Legendary fund manager Li Lu (who Charlie Munger backed) once said, 'The biggest investment risk is not the volatility of prices, but whether you will suffer a permanent loss of capital.' So it might be obvious that you need to consider debt, when you think about how risky any given stock is, because too much debt can sink a company. As with many other companies Changbai Mountain Tourism Co., Ltd. (SHSE:603099) makes use of debt. But the more important question is: how much risk is that debt creating?

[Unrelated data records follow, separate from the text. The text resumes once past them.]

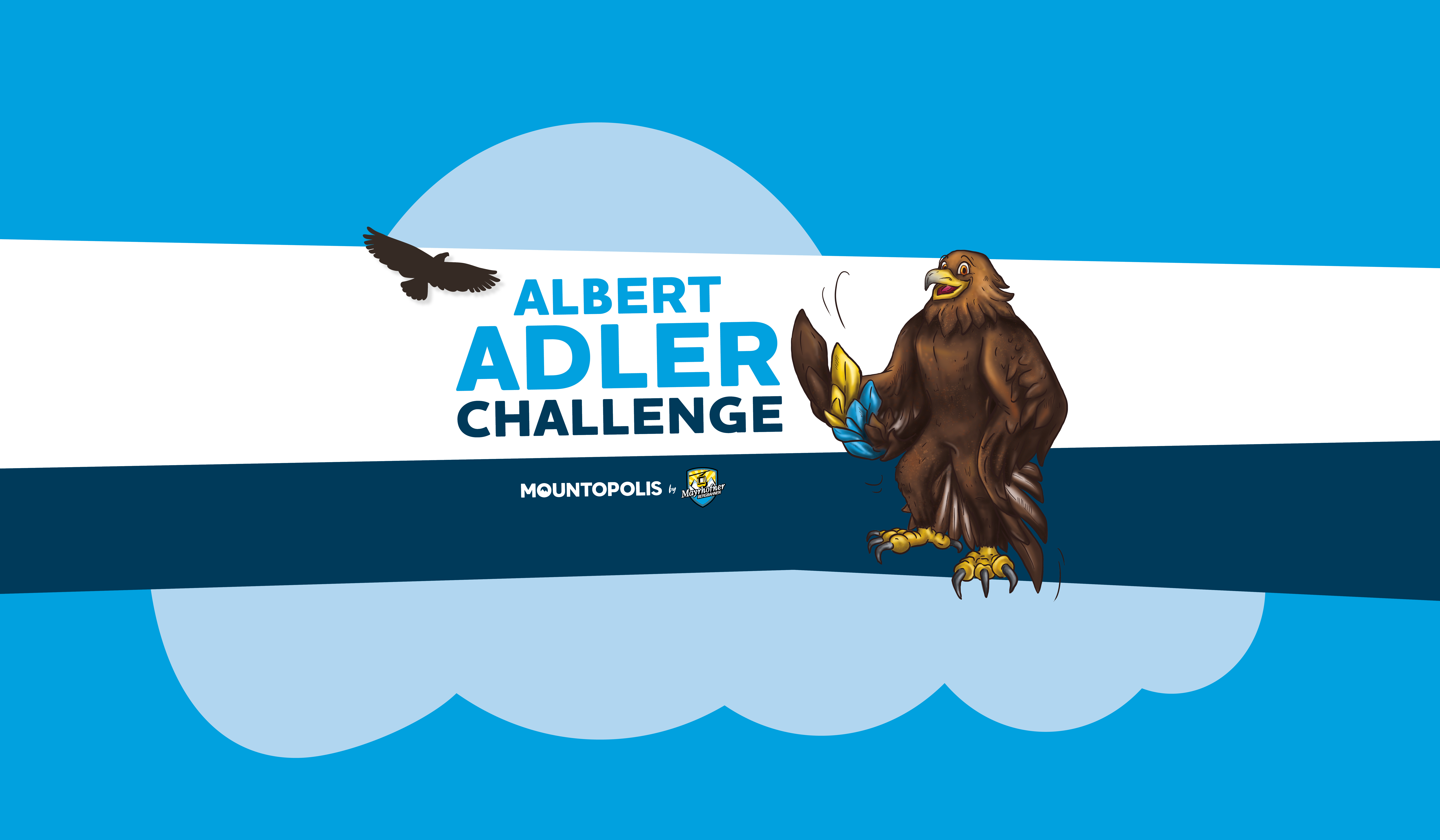 Albert Adler vor blauem Hintergrund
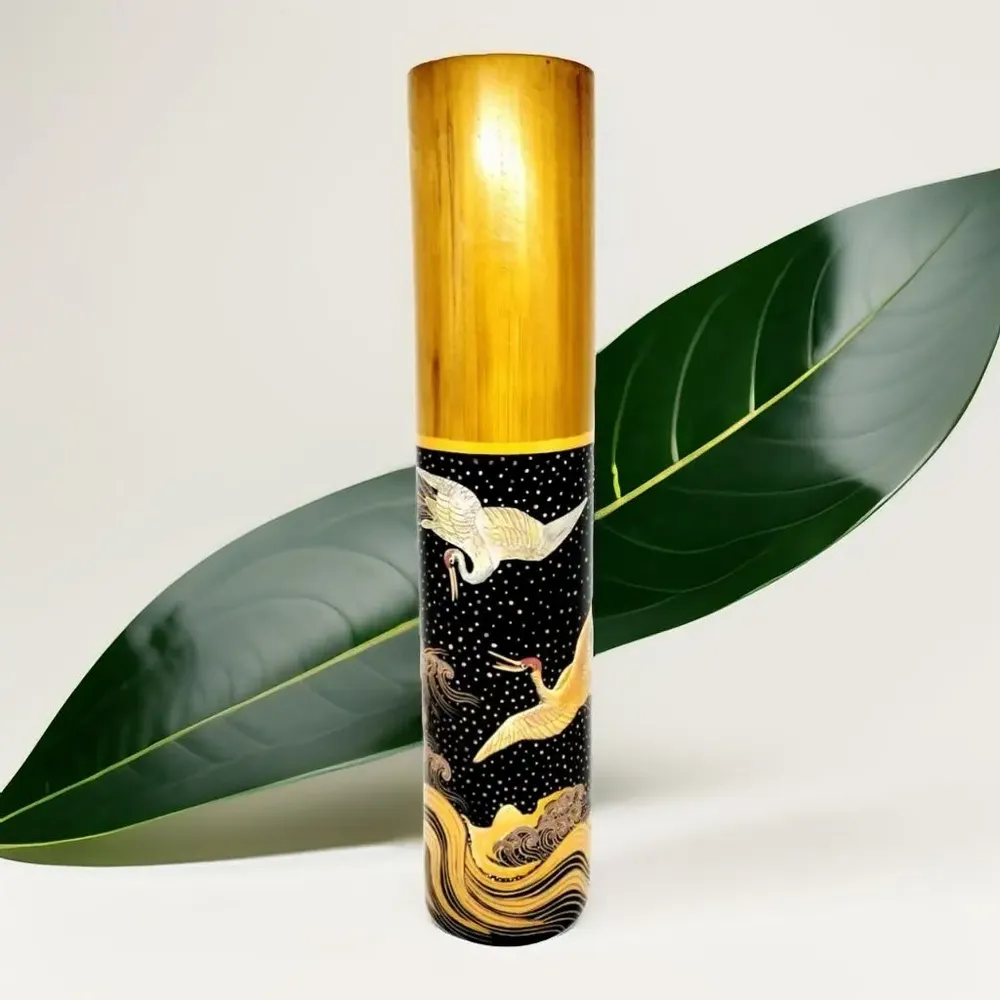 Decorative objects - Lacquered nartural Bamboo - SATCHA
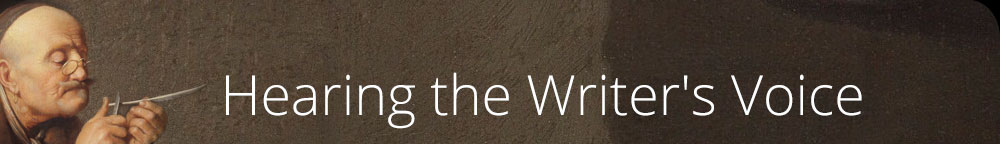 Hearing the Writer's Voice
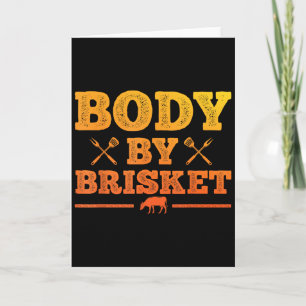 Cartão Arte engraçada de grelhar carne para homens e mulh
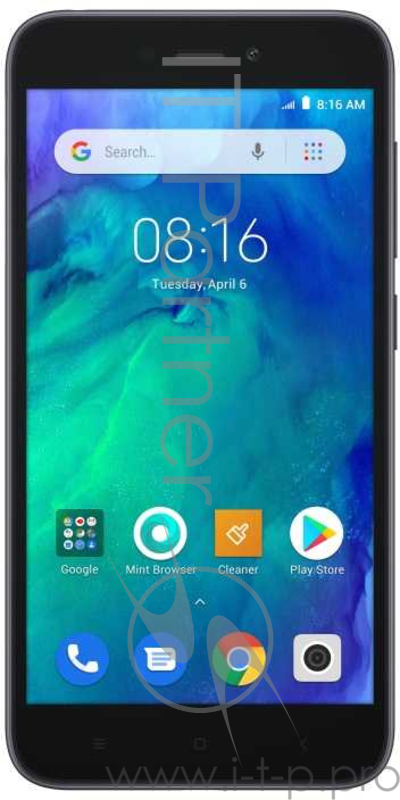 Смартфон Xiaomi Redmi Go Black (M1903C3GG), 5.0 16:9 1280x720, 1.4GHz, 4 Core, 1GB RAM, 16GB, up to 128GB flash, 8Mpix/5Mpix, 2 Sim, 2G, 3G, LTE, BT v4.1, Wi-Fi, GPS / AGPS, GLONASS, Beidou, Micro-USB, 3000mAh, Android 8.1 Oreo версия GO, 137g, 140.4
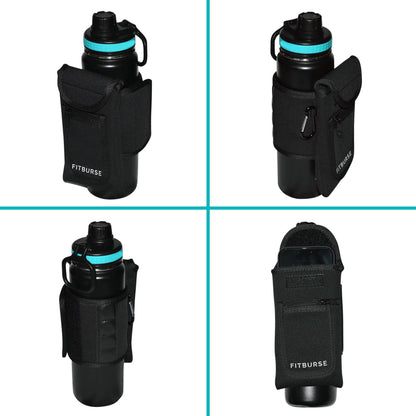 Fitburse Magnetic Water Bottle Holder for Cell Phones, Keys, Wallets and More! Gym, Fitness Indoor/Outdoor Activities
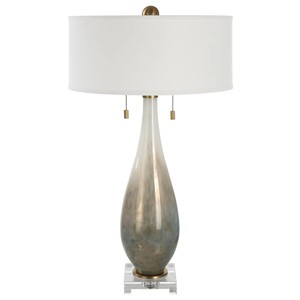Modern Luxury Table Lamp with Golden Metal Base and White Fabric Lampshade <b>E26</b> Electric Power Supply for Bedroom Living Room - Product Image 3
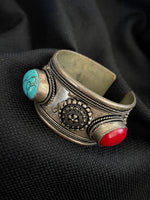 Load image into Gallery viewer, Antique German Silver Kutch Cuff
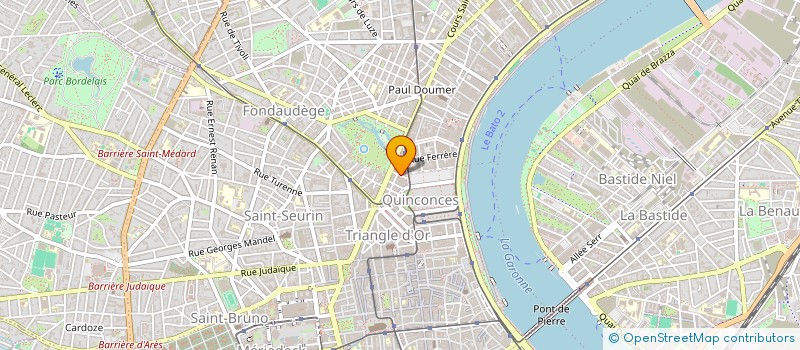 localisation de l'entreprise MONSIEUR JEAN TARIS  BORDEAUX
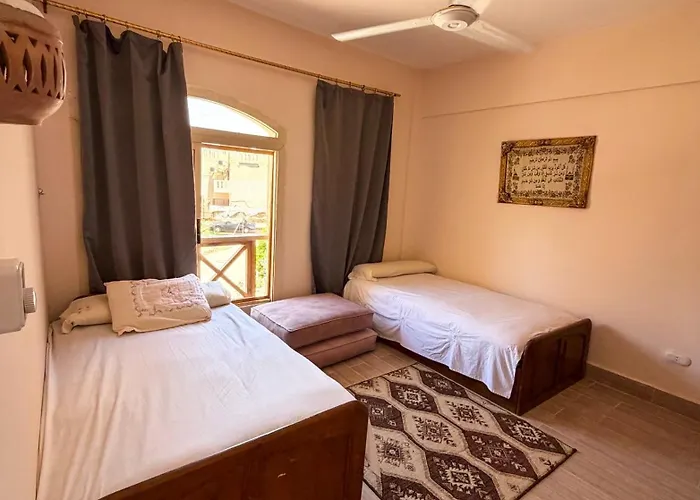 Blue Lagoon Sea View With Private Garden And Rooftop For Families Ras Sedr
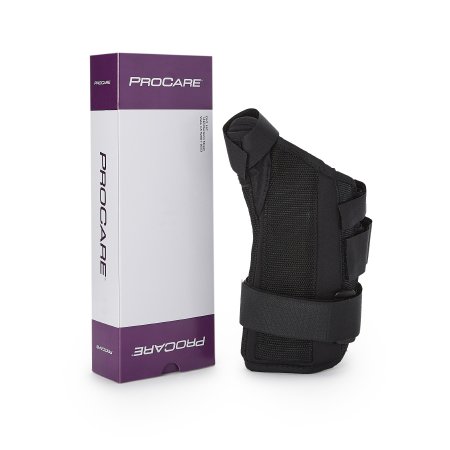 DJO Wrist Brace with Abducted Thumb ProCare® ComfortFORM™ Aluminum / Foam / Spandex / Plastic Left Hand Black Medium - Each - 79-87315-EA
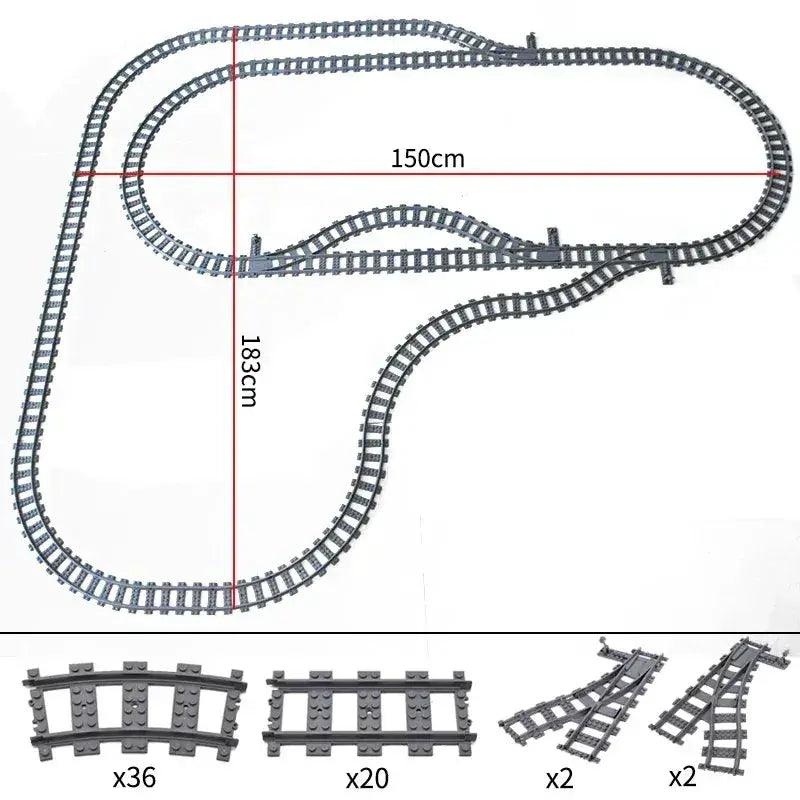 Lego Compatible Flexible Train Tracks Building Set -  ToylandEU™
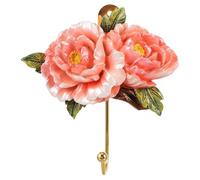 HEALLILY Crochet Décoratif Mural de Fleur Européenne Relief Floral, Crochet à Vêtements Robuste et Élégant pour Entrée ou Couloir, 1 Pièce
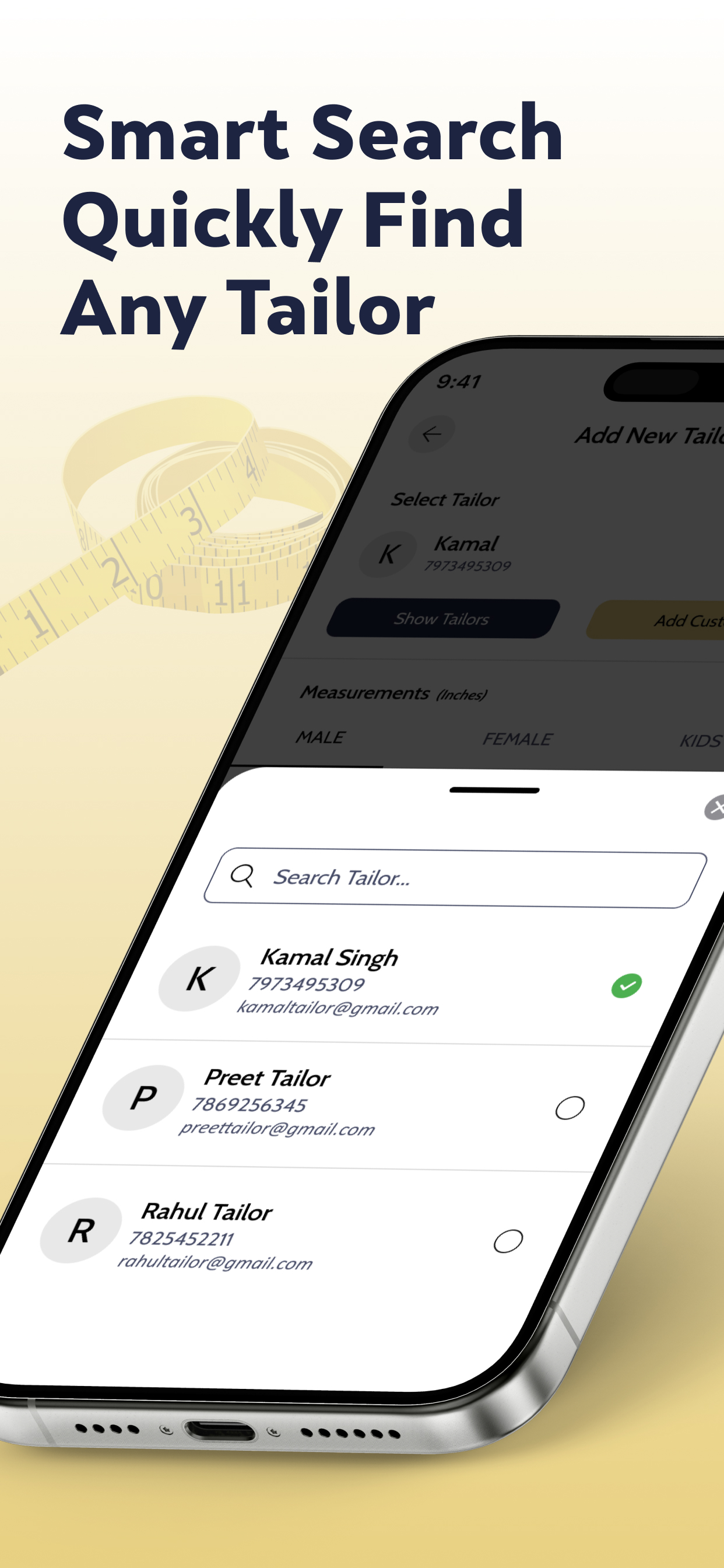 My Tailor App screenshot 5
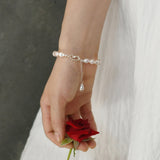 Baroque Freshwater Pearl Bracelet with Silver Clasp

Debt is a tool to help businesses grow, but if a business is incapable of paying off its lenders, then it exists at their mercy. Ultimately, if the company can't fulfill its legal obligations to repay debt, shareholders could walk away with nothing. However, a more common (but still painful) scenario is that it has to raise new equity capital at a low price, thus permanently diluting shareholders. Of course, the upside of debt is that it often represents cheap capital, especially when it replaces dilution in a company with the ability to reinvest at high rates of return. When we think about a company's use of debt, we first look at cash and debt together.
Check out our latest analysis for Changbai Mountain Tourism
As you can see below, Changbai Mountain Tourism had CN¥66.7m of debt at June 2024, down from CN¥83.0m a year prior. However, its balance sheet shows it holds CN¥142.9m in cash, so it actually has CN¥76.2m net cash.
According to the last reported balance sheet, Changbai Mountain Tourism had liabilities of CN¥114.7m due within 12 months, and liabilities of CN¥55.5m due beyond 12 months. Offsetting this, it had CN¥142.9m in cash and CN¥72.8m in receivables that were due within 12 months. So it can boast CN¥45.6m more liquid assets than total liabilities.
This state of affairs indicates that Changbai Mountain Tourism's balance sheet looks quite solid, as its total liabilities are just about equal to its liquid assets. So while it's hard to imagine that the CN¥7.89b company is struggling for cash, we still think it's worth monitoring its balance sheet. Simply put, the fact that Changbai Mountain Tourism has more cash than debt is arguably a good indication that it can manage its debt safely.
Better yet, Changbai Mountain Tourism grew its EBIT by 1,837% last year, which is an impressive improvement. That boost will make it even easier to pay down debt going forward. The balance sheet is clearly the area to focus on when you are analysing debt. But it is future earnings, more than anything, that will determine Changbai Mountain Tourism's ability to maintain a healthy balance sheet going forward. So if you want to see what the professionals think, you might find this free report on analyst profit forecasts to be interesting.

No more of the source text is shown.